Yabel pertenece a ese inmenso grupo de jóvenes cubanos que ni estudian ni trabajan, y a los que el poder político mueve como fichas de dominó, de aquí para allá, sin ton ni son, porque no saben lo que buscan, al tiempo que la sociedad tampoco sabe ofrecerles lo que necesitan.
Son chicas de uñas postizas en pies y manos, con lindas florecitas de color blanco en cada una, y con largos cabellos, bien planchados, de color miel, negros, o rubios, pero siempre iluminados con rayos plateados. También con sayas muy cortas y algún que otro tatuaje discreto en el cuello o los hombros: una mariposa en vuelo, una abeja libando una flor; y otros más complicados, como escorpiones, serpientes enroscadas, cabezas de tigresa, en lugares bien ocultos.
Me confiesa que la vida le resulta difícil. Vive con su abuela en una casita a medio construir, en Santa Fe, pueblo costero del oeste habanero. La abuela es una anciana que para poner un plato de comida en la mesa limpia por un peso convertible la casa de una vecina, y además le lava la ropa dos o tres veces a la semana.
Pero Yabel me dice que cada vez que se casa, sin papeles, claro, porque casarse de verdad no es necesario, vive un poco mejor. Entonces el llamado ¨novio¨ la ayuda económicamente, y hace una vida más entretenida. Su segundo y último ¨casamiento¨ le duró más de tres años: un joven que aprendió por su cuenta a desbloquear y reparar celulares, para obtener algunos chavitos a la semana. Iban a comer a los paladares, a la playa de Baracoa, y en ocasiones a los cines de La Habana.

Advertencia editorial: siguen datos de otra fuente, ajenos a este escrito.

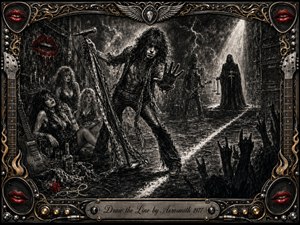 A fierce rock frontman commands a stormy charcoal stage, reaching across a bright dividing line between temptation and reckoning. Smoky figures, guitars, amplifiers, raised hands, lightning, and a shadowy judge deepen the tension. Ornate chrome-and-gold framing, vivid red lips, and dramatic spotlighting create a gritty, theatrical 1970s rock atmosphere.
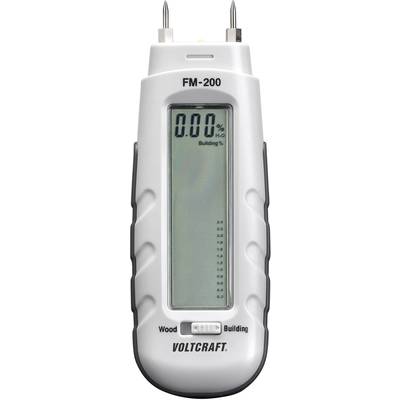 Moisture Meter for Wood and Construction, Voltcraft FM-200, displaying digital moisture reading of 0.00% on the screen.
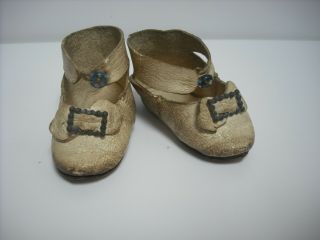 PAIR FRENCH ANTIQUE DOLL ' S LEATHER SHOES MARKED LP 8 8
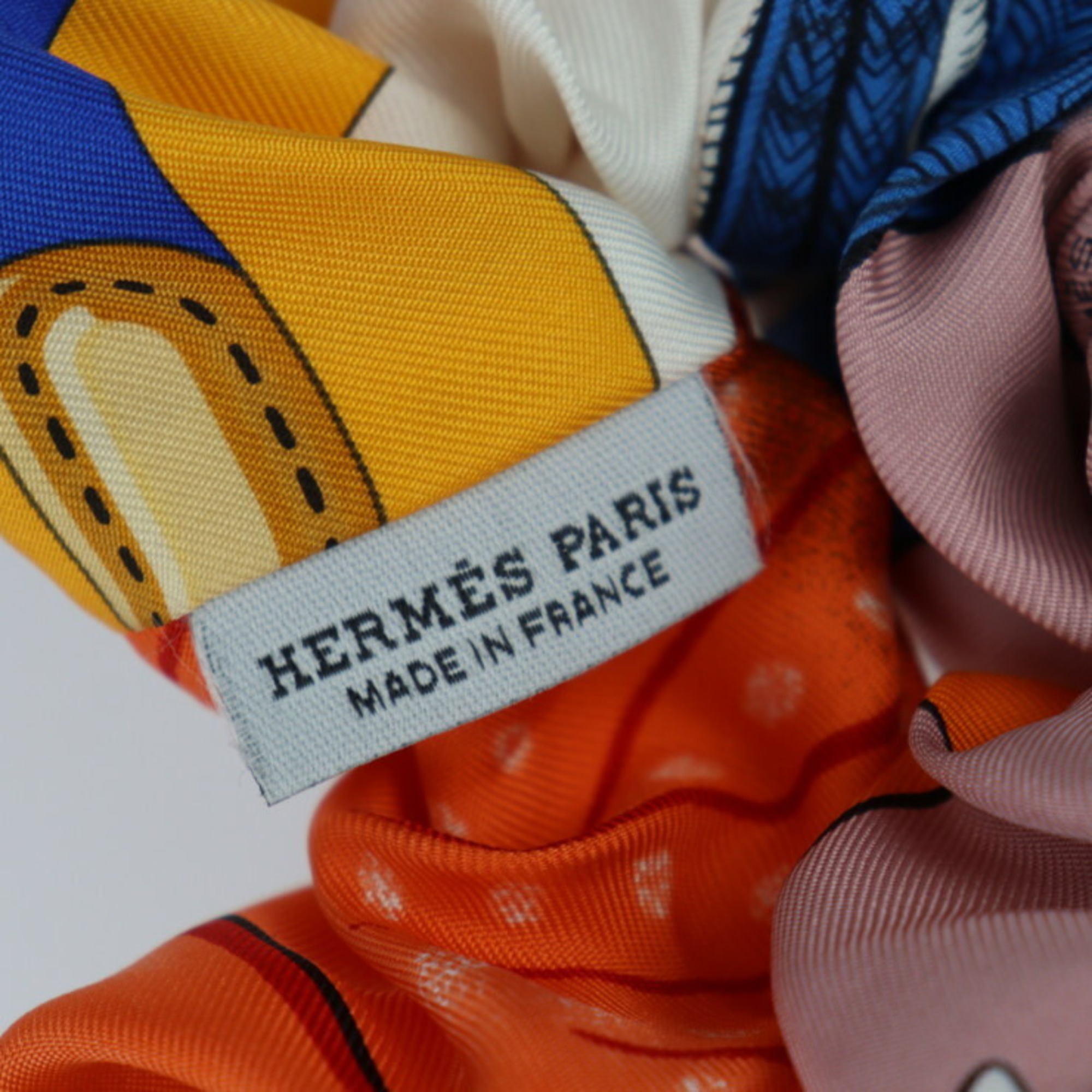 HERMES Hermes Scrunchie Claudia - 100% Silk Orange Multicolor Hair Tie Clip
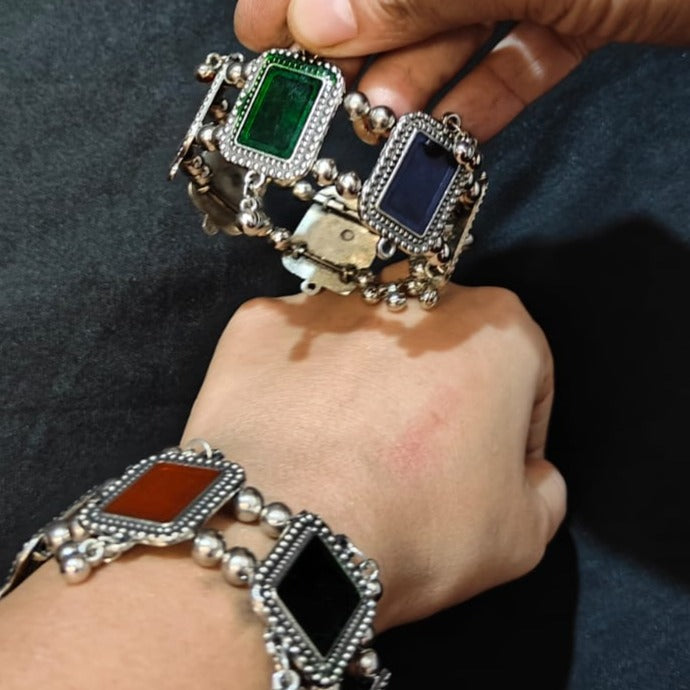 Oxidized Mirror Work Bracelets Kada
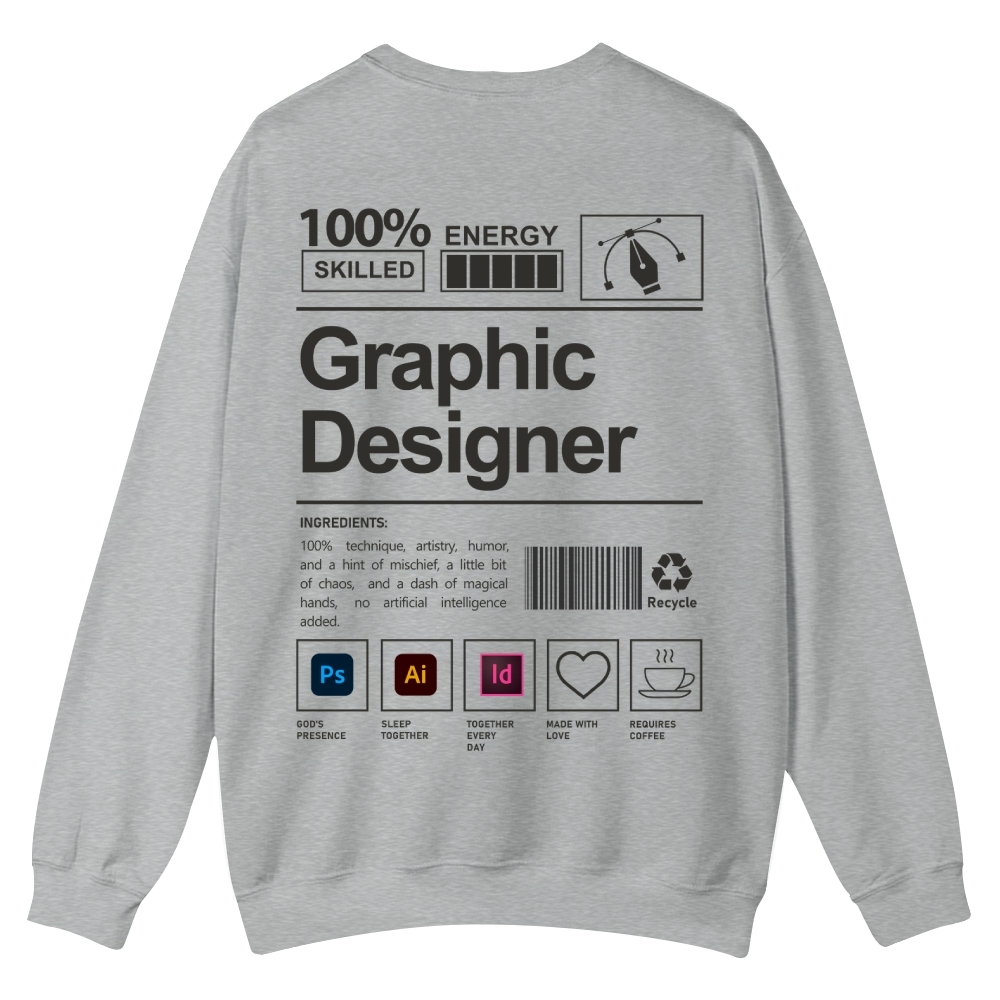 Graphic Designer Printed Crew Neck Sweatshirt-moweekender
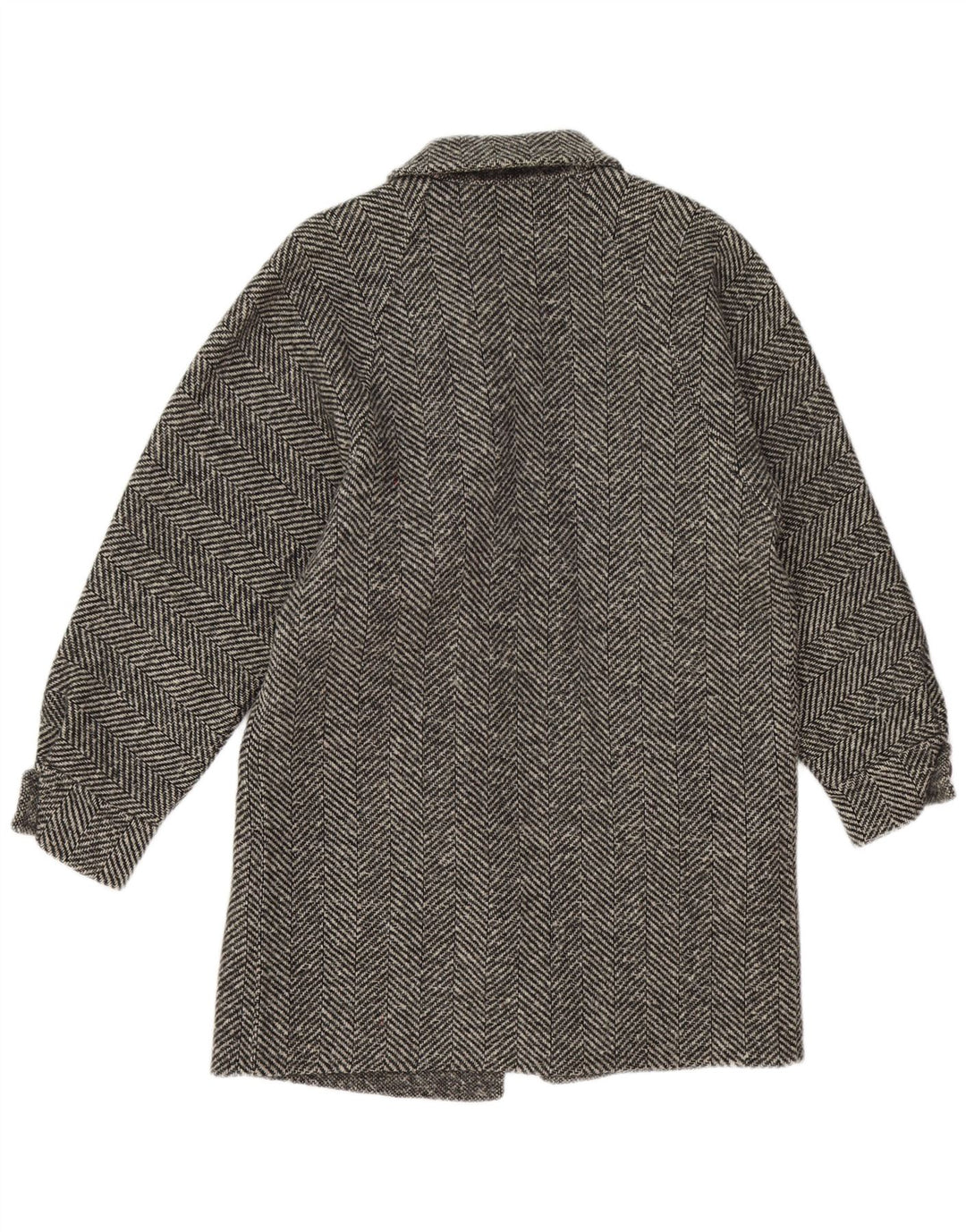 Vintage γυναικείο πανωφόρι UK 14 Medium Grey Ψαροκόκκαλο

Le pregunto lo que sueña para su vida, y, con una sonrisa casi infantil, me dice que ella nunca sueña, o que nunca recuerda lo que sueña. Le aclaro que me refiero a los sueños del futuro, y entonces me mira, extrañada, y responde que no sueña nada.
-¿Nada, Yabel?
-Nada. No es necesario. Lo que venga, vendrá. Además, me imagino que será lo mismo de siempre.
La comprendí bien. Esta chica “del montón” no sabe qué busca bajo el cielo cubano, ni qué lugar ocupa en una sociedad que no sabe, ni puede, ayudarla. Es por eso que no sueña.